И далее происходит нечто особенно примечательное. Тела Данте и Беатриче становятся неразличимы, она совпадают:

 
Казалось мне – нас облаком накрыло,
Прозрачным, гладким, крепким и густым,
Как адамант, что солнце поразило.
 
 
И этот жемчуг, вечно нерушим,
Нас внутрь воспринял, как вода – луч света,
Не поступаясь веществом своим.
 
 
Коль я был телом, и тогда, – хоть это
Постичь нельзя, – объем вошел в объем,
Что должно быть, раз тело в тело вдето,
 
 
То жажда в нас должна вспылать огнем
Увидеть Сущность, где непостижимо
Природа наша слита с божеством[441]441
  Алигьери Д. Божественная комедия (Рай, II, 31–42). С. 318–319. «Parev’a me che nube ne coprisse/ lucida, spessa, solida e pulita, /quasi adamante che lo sol ferisse. / Per entro sé l’etterna margarita / ne ricevette, com’acqua recepe / raggio di luce permanendo unita. / S’io era corpo, e qui non si concepe / com’una dimensione altra patio, /ch’esser convien se corpo in corpo repe, /accender ne dovrìa più il disio /di veder quella essenza in che si vede /come nostra natura e Dio s’unio».


[Закрыть]
.
 

Данте тут описывает его с Беатриче проникновение на луну, которая сначала возникает как жемчужное облако света, и лишь потом обнаруживает свою твердую природу. Взаимопроникновение Данта и Беатриче – это сначала проникновение в свет, и лишь потом неразличимость телесная. Хотя на философском уровне речь идет о проникновении в сущность бога.

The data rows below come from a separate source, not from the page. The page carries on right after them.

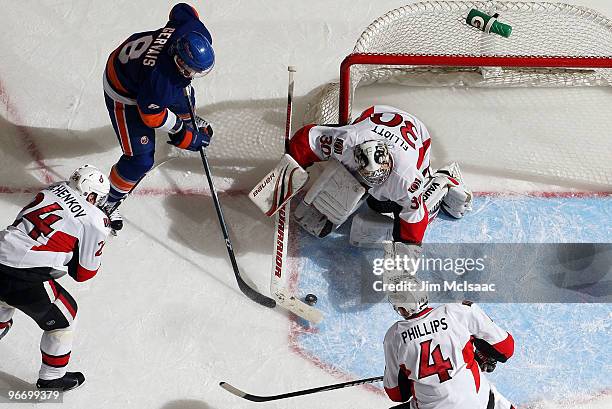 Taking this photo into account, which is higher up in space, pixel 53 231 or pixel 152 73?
pixel 152 73

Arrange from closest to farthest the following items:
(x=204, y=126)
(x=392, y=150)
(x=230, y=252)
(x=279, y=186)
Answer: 1. (x=392, y=150)
2. (x=279, y=186)
3. (x=230, y=252)
4. (x=204, y=126)

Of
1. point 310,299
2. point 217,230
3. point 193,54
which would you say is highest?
point 193,54

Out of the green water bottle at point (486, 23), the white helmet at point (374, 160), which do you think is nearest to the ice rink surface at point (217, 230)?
the green water bottle at point (486, 23)

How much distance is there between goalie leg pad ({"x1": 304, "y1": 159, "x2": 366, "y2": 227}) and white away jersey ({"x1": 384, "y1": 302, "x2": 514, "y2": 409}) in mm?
703

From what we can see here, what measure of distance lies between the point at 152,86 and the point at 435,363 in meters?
1.47

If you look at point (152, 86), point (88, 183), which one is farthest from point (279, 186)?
point (88, 183)

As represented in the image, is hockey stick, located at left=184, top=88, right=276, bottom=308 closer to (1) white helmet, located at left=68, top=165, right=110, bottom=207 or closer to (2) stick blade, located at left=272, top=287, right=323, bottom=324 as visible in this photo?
(2) stick blade, located at left=272, top=287, right=323, bottom=324

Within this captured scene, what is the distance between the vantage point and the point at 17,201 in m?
4.04

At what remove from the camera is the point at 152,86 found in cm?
341

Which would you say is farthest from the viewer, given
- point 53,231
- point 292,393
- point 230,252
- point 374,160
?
point 230,252

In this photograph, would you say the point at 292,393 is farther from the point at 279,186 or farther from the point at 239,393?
the point at 279,186

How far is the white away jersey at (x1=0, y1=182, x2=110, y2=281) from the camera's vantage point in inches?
127

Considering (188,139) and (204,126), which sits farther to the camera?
(204,126)

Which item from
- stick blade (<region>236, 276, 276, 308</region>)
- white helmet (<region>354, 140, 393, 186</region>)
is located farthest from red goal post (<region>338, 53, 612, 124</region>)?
stick blade (<region>236, 276, 276, 308</region>) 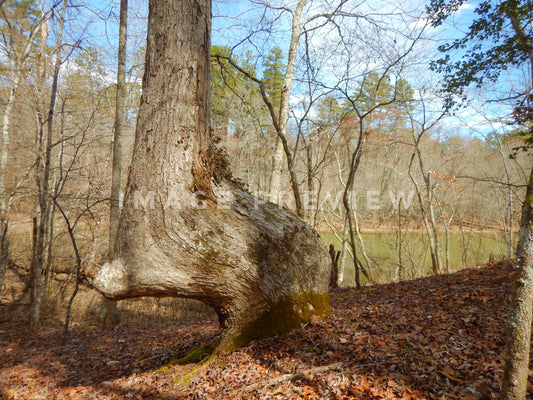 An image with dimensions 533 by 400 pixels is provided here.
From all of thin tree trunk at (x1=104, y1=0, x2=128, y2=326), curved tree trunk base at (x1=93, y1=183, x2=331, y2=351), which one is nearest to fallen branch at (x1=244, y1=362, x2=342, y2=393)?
curved tree trunk base at (x1=93, y1=183, x2=331, y2=351)

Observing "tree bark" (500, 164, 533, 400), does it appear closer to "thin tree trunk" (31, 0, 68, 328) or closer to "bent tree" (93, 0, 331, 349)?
"bent tree" (93, 0, 331, 349)

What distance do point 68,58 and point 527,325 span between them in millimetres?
8078

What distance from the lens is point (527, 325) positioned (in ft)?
5.35

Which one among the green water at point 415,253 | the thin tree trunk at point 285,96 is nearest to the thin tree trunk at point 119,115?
the thin tree trunk at point 285,96

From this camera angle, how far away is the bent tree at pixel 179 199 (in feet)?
8.21

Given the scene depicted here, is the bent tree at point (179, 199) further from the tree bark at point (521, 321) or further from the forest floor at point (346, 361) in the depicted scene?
the tree bark at point (521, 321)

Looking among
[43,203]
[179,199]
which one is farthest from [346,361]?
[43,203]

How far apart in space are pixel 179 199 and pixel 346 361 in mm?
2055

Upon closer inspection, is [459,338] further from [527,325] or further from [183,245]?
[183,245]

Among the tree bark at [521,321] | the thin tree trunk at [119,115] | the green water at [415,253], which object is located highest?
the thin tree trunk at [119,115]

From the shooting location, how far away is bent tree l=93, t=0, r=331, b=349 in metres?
2.50

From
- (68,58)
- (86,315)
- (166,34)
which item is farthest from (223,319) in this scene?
(86,315)

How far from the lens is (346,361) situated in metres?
2.41

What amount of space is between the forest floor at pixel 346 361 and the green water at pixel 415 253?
16.6ft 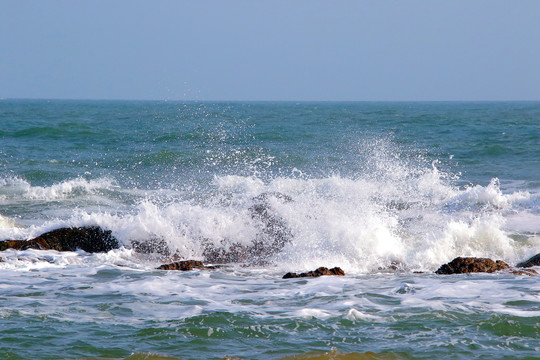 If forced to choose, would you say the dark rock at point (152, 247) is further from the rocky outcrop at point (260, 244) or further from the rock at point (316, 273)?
the rock at point (316, 273)

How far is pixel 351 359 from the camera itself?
448 cm

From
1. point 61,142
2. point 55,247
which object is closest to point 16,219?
point 55,247

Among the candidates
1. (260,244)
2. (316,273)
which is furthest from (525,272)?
(260,244)

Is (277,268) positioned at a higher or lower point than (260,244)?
lower

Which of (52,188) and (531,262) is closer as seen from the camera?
(531,262)

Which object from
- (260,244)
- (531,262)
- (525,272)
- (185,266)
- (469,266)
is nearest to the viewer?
(525,272)

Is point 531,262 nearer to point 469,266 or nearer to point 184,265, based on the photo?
point 469,266

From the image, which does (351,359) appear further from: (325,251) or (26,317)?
(325,251)

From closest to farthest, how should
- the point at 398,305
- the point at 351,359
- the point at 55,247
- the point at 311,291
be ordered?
the point at 351,359
the point at 398,305
the point at 311,291
the point at 55,247

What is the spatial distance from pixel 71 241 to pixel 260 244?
2.50 metres

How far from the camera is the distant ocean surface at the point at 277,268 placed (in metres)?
4.82

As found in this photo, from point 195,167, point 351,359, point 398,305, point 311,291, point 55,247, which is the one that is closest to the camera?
point 351,359

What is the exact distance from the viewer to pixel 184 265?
738 cm

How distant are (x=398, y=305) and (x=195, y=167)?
1224 centimetres
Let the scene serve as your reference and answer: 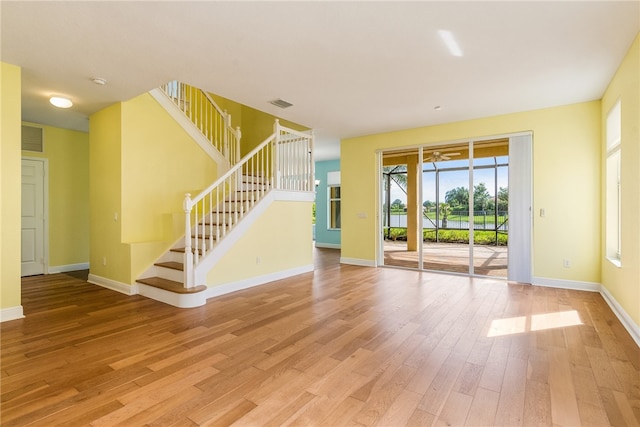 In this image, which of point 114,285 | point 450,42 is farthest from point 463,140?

У Гандельсмана мотив включенности всего во всё, тела в тело разворачивается в плоскости хлебниковских фантазий о пространственных конфигурациях, вписанных в отдельные буквы. Гандельсман комментирует: «…выбрав слова, допустим, на „ч“ (чулок, чаша и пр.), Х. утверждает, что все они непременно употребляются, когда „объём одного тела (ноги или воды) пополняет пустоту другого тела, служащего ему поверхностью“, и он прав. Между тем это бред, потому что нет ничего в природе, что бы не пополняло пустоту другого, и не имеет значения, на какую букву слово. В конце концов, всё вдвинуто в воздух, или в землю, или в воду, или в огонь, или в космос». Но в «Велимировой книге» мифическая синхронность и вписанность всего во всё, разрушающая идею логоса и родословных, усложнена неотделимостью рая от ада. Хлебникову приписывается этот бесовской хубрис:

 
      Спесь всё это (Господи, помилуй!) святости,
      Господи, истерика, помилуй, святости,
      воедино ад хотел и райский сад свести,
      райский воедино сад хотел и ад свести…
                                                    (ВК, с. 28)
 

Эта странная способность соединять несоединимое связана с исчезновением границ между жизнью и смертью в мифическом пространстве первичности. Это исчезновение самого фундаментального различия в нашем существовании как раз и связано с размыванием времени и заменой его вспышками мгновения. Мгновение не знает развития, а потому рождение в нем не переходит в смерть:

 
…нет смерти, бегающей по пятам.
Есть куст мгновенный.
Зернистых ягод зоркая страна,
стрекоз, лимонниц, мурашей, личинок.
Там бродит Хлебников, душа его ясна
и отзывается глаголом на
отдельность атомов, молекул и песчинок.
                                                (ВК, с. 35)
 

Мир распадается на атомы, песчинки, отдельные «зоркие» ягоды. Песок неоднократно возникает в «Велимировой книге», а Хлебников называется «пасечником песка числ», который выкладывает свои доски судьбы «по периметру песочницы». Песчинки уподобляются числам, вступающим в мистические отношения с бесконечностью.

 
Мы люди, мы сплошь коты
Шрёдингера-Гитлера-Джугашвили,
живы и мертвы, я и ты,
одноврéменно. Мы – или-или.
Атом распадётся, а покуда – здравица
с заупокойницей крутит шашни
и рубиновая загорается
на Спасской башне.
               (ВК, с. 28)
 

В примечаниях Гандельсман так описывает явление знаменитого кота Шрёдингера в своей книге: «Шрёдингер печатает свою статью про кота, запертого в стальной камере (в связи с квантовой механикой). Внутри камеры есть радиоактивное вещество. В течение часа может распасться только один атом, и это убьёт кота, но может и не распасться, и тогда кот останется живым. Если над ядром не производится наблюдение, его состояние описывается смешением двух состояний – распавшегося ядра и нераспавшегося, следовательно, кот и жив и мёртв одновременно…» (ВК, с. 64)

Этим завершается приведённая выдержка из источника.